幼少期に見せられた自家の家系図の中に「勝義邦」通称麟太郎、号海舟という名前があることを見て、ひどく感激したものである。その影響から、勝の自伝の『氷川清話』は中学生の頃から読んでいた。その中に次のよく知られている文章がある。
おれは、今までに天下で恐ろしいものを二人見た。それは、横井小楠と西郷南洲とだ。横井は、西洋の事も別に沢山は知らず、おれが教へてやつたくらゐだが、その思想の高調子な事は、おれなどは、とても梯子を掛けても、及ばぬと思つた事がしばしばあつたヨ。
この「恐ろしいもの」という表現は、少年の“怖いもの見たさ”の好奇心をすぐるのに充分であった。そこで私にとって横井小楠と西郷南洲は忘れてはならぬ人物となった。したがってその人物像については、かなり以前から知ってはいた。
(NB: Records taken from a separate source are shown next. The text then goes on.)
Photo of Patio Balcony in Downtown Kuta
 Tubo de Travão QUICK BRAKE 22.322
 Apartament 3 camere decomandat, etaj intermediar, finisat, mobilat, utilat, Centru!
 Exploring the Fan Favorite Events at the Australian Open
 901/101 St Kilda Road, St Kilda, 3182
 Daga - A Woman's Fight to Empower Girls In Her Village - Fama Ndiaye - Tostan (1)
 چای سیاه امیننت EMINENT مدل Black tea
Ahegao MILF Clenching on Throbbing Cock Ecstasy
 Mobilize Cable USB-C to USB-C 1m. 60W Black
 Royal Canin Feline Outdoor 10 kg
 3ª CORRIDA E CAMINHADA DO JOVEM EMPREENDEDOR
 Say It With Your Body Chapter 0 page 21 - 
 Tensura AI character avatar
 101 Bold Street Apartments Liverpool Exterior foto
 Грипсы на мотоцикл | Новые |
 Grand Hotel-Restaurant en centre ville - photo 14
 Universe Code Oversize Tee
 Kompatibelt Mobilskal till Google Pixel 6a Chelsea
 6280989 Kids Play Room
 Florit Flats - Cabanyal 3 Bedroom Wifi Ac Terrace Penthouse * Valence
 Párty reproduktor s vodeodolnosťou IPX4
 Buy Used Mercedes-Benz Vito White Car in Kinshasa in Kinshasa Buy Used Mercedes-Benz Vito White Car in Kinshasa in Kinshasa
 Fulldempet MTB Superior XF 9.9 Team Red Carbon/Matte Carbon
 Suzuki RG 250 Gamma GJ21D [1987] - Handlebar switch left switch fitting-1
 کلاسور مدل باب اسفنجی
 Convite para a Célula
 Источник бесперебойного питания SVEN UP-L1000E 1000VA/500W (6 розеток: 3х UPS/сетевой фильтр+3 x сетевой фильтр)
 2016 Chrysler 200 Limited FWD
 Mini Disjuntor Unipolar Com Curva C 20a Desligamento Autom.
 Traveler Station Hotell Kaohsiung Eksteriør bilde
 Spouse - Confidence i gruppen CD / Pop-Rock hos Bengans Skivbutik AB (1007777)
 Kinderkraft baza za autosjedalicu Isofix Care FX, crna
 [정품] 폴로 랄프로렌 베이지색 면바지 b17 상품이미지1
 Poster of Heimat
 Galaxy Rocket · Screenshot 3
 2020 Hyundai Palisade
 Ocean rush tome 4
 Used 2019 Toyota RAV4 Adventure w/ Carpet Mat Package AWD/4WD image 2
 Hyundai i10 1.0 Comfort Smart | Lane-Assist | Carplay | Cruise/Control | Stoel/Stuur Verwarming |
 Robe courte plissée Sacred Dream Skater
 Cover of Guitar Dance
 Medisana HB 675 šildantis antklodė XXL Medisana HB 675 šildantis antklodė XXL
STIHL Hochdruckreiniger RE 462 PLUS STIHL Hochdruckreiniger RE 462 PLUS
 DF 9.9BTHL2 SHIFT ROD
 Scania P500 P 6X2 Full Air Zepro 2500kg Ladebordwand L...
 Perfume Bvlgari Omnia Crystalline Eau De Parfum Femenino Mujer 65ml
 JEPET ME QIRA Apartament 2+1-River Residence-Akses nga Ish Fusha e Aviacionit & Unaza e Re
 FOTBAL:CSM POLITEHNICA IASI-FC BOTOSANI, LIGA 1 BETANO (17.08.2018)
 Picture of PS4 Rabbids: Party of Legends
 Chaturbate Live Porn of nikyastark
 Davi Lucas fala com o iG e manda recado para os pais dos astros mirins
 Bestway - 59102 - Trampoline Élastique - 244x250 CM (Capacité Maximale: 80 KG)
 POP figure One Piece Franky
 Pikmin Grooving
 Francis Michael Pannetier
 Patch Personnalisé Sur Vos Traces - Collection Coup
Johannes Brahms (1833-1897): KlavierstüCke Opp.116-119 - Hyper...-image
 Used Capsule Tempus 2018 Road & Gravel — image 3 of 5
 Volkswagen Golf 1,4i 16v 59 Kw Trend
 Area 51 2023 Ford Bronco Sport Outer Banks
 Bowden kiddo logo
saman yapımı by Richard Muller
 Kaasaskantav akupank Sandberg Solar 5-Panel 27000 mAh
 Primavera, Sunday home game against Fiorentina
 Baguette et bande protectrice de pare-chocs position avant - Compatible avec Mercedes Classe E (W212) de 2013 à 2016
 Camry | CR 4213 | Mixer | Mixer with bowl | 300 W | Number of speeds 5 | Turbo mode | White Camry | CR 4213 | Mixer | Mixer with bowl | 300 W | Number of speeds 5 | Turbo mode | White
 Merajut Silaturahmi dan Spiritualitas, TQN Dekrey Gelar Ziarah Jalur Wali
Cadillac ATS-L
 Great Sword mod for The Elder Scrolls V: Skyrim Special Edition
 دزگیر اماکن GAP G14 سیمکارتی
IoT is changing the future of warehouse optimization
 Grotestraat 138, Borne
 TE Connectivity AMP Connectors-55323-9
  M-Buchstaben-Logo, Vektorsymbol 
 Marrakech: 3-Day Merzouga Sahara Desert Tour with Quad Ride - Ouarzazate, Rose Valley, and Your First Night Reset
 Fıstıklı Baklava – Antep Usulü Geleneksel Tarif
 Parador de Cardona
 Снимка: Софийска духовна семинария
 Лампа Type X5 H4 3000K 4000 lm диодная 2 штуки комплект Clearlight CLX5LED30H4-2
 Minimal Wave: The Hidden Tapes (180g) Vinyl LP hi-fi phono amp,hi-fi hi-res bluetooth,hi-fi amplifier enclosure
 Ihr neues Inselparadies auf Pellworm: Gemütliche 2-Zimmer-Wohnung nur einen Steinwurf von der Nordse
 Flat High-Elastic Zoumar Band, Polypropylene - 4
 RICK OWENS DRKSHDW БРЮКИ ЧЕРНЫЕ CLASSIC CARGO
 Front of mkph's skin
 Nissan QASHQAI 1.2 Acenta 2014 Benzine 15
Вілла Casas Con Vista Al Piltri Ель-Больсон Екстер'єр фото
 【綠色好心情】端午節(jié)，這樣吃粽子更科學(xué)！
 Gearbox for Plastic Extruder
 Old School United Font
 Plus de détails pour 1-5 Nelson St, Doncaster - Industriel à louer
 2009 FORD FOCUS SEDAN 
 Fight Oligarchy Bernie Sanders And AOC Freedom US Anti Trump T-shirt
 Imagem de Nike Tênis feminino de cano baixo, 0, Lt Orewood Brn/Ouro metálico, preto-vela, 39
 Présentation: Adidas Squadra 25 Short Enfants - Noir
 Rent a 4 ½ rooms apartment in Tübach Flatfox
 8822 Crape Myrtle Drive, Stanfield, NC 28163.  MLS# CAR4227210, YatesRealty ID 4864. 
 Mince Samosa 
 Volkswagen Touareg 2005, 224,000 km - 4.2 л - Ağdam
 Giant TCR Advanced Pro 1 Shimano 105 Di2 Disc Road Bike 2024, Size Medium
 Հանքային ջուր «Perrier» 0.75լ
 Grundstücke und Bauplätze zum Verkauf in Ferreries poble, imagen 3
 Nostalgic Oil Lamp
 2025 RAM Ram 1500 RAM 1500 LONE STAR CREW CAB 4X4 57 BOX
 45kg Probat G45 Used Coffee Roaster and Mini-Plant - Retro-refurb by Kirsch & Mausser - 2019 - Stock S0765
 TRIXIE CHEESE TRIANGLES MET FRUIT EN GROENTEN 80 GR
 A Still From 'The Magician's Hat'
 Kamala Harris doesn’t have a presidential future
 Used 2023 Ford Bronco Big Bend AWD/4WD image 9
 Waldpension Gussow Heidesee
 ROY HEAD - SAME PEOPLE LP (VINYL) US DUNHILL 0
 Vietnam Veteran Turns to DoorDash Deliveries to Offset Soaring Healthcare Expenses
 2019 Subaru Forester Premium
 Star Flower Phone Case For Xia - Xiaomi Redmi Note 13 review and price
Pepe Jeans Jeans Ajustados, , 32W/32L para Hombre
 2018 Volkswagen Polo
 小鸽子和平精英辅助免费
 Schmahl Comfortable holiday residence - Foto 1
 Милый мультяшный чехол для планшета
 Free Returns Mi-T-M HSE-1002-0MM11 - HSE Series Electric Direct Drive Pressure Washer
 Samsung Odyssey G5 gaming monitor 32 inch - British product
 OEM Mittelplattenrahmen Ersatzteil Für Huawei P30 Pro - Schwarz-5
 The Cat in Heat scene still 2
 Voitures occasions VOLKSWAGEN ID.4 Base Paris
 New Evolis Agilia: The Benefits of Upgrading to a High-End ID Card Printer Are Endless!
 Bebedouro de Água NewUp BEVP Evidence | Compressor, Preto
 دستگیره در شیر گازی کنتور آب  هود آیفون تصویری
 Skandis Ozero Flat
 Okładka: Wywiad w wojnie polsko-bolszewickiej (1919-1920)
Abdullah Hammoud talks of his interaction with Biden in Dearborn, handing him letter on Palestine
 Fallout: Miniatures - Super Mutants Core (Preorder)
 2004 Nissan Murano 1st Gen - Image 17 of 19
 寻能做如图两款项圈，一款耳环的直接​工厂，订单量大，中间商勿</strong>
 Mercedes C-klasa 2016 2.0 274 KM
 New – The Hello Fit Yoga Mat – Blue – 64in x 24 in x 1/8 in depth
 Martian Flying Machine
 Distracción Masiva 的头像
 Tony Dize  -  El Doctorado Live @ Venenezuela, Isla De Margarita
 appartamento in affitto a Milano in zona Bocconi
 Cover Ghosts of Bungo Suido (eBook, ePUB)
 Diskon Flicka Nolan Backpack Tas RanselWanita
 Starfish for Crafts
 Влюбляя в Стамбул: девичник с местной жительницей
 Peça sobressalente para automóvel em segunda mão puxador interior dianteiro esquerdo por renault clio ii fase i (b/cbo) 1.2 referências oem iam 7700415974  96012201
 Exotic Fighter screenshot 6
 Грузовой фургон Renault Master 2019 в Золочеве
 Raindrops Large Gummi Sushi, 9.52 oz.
しかし、「恐ろしい」と海舟ほどの人物に言わしめたその横井の思想の真髄に、真正面から対峙したのは、ここ10年の事である。
知れば知るほど興味深さが増す人物なのである。更に、伝記・評伝、研究書など良書が意外なほど多くあり、最近になればなるほど素晴らしい著作が続々と世に出てくる。
その紹介された横井の思想の中には、冒頭に述べた人類社会の悲願であり、しかし達成されぬまま持ち続けるしかないと思われていた「戦争を起こさぬために」あるいは「世界を平和にする」という大命題に対する有効な解決の道筋さえもがあるのだ。
「国家主義」と「平和主義」という矛盾を乗り越えての理想社会の構築への具体的な「方法論」と、それを揺るぎないものにする為の「理念」とが、鮮やかに示されているのである。しかもそれは、私が約50年読み続けてきた『四書五経』の一つ『書経(尚書)』の深読みなど、儒家思想によって為されているという驚きがあった。
それは、私のこれまでの「漢籍」解釈の知見を一変させるほどの衝撃的な体験であった。